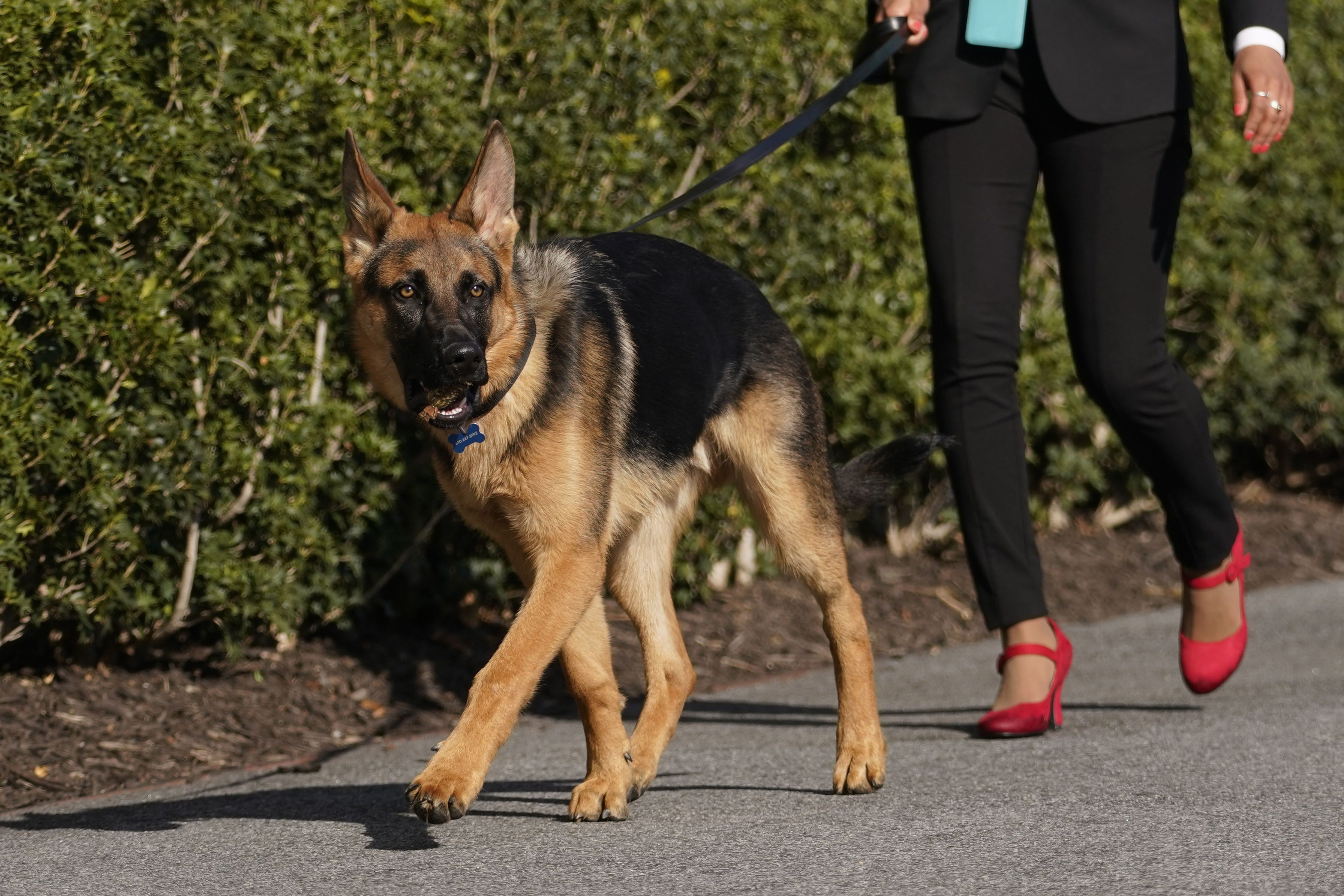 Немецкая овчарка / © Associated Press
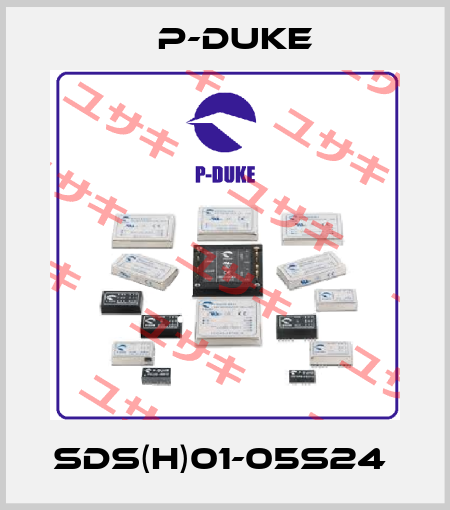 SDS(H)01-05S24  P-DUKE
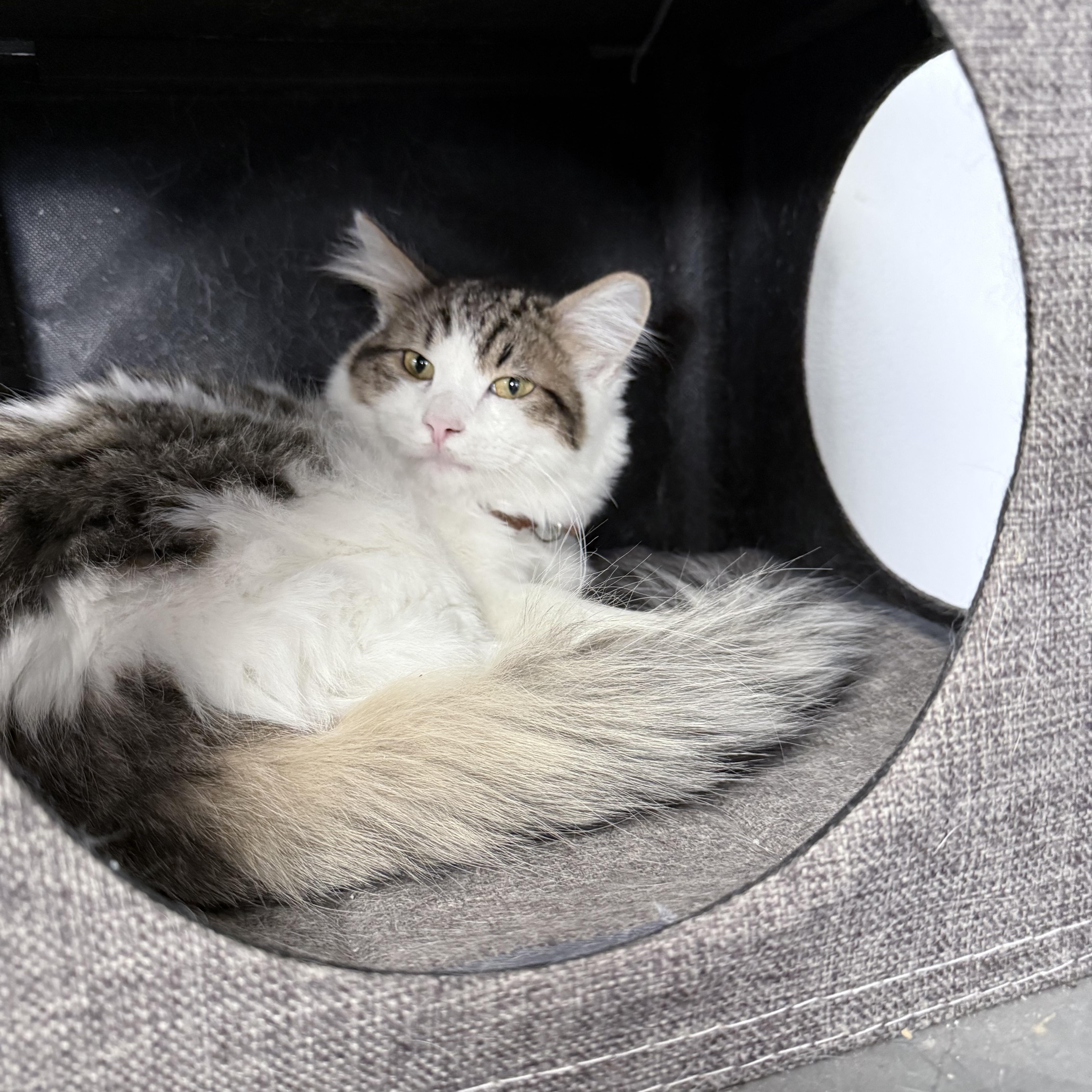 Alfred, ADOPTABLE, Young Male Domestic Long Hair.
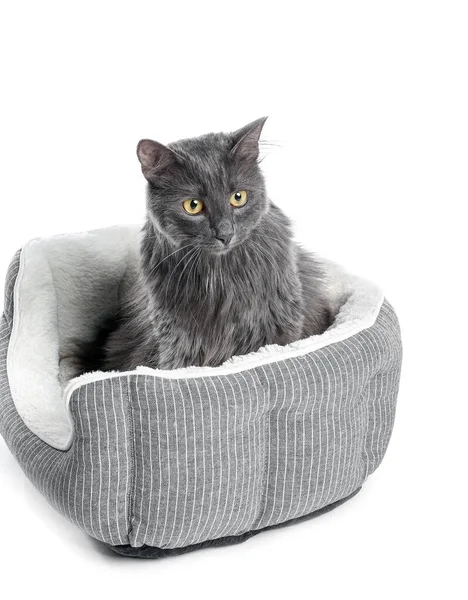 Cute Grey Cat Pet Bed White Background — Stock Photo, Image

____________________

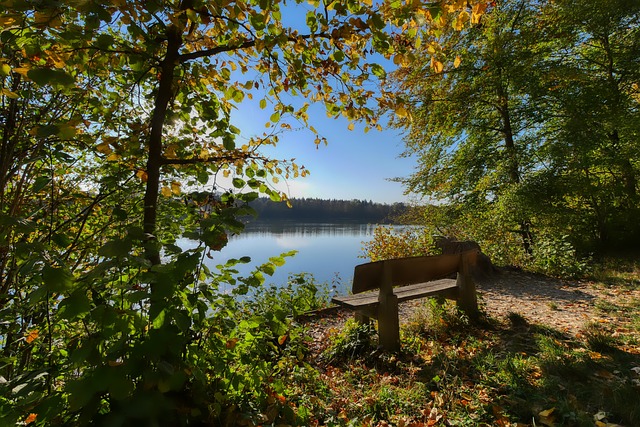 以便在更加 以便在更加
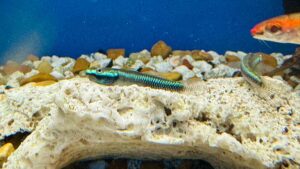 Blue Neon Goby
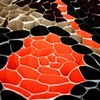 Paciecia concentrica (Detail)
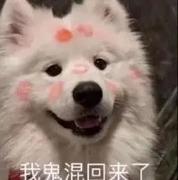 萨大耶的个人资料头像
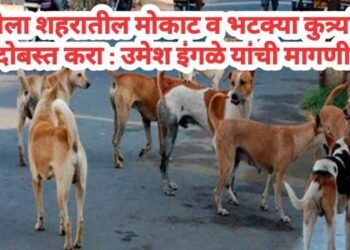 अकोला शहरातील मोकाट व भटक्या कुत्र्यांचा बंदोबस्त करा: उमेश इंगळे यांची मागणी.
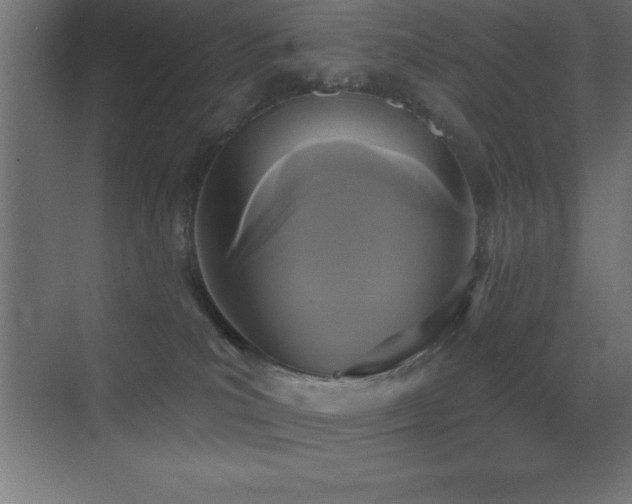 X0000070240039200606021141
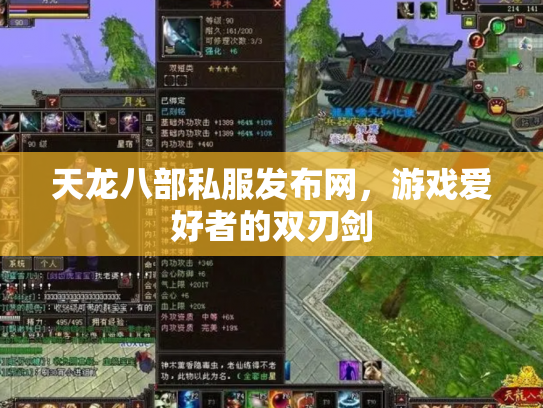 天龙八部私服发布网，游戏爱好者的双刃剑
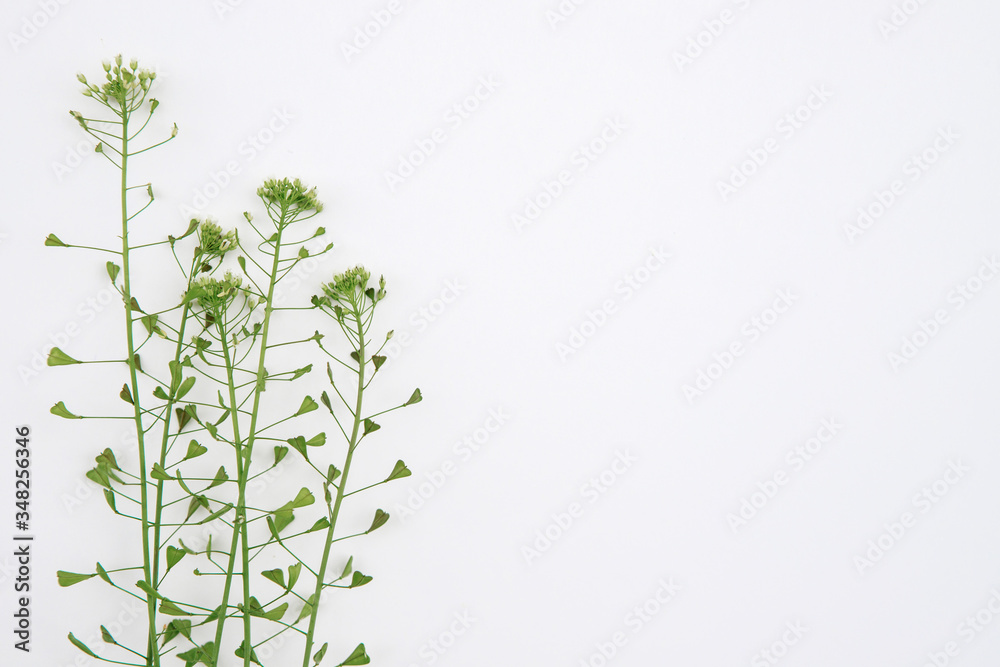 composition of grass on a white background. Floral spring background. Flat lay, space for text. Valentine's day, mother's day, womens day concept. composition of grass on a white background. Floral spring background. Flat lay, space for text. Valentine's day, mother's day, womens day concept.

____________________

Task goal: For the data above, set down exactly the lines from the line with "X0000070240039200606021141" to the line with "day concept. composition", both included, leaving pictures out.

Answer to this task:
 X0000070240039200606021141
 天龙八部私服发布网，游戏爱好者的双刃剑
 composition of grass on a white background. Floral spring background. Flat lay, space for text. Valentine's day, mother's day, womens day concept. composition of grass on a white background. Floral spring background. Flat lay, space for text. Valentine's day, mother's day, womens day concept.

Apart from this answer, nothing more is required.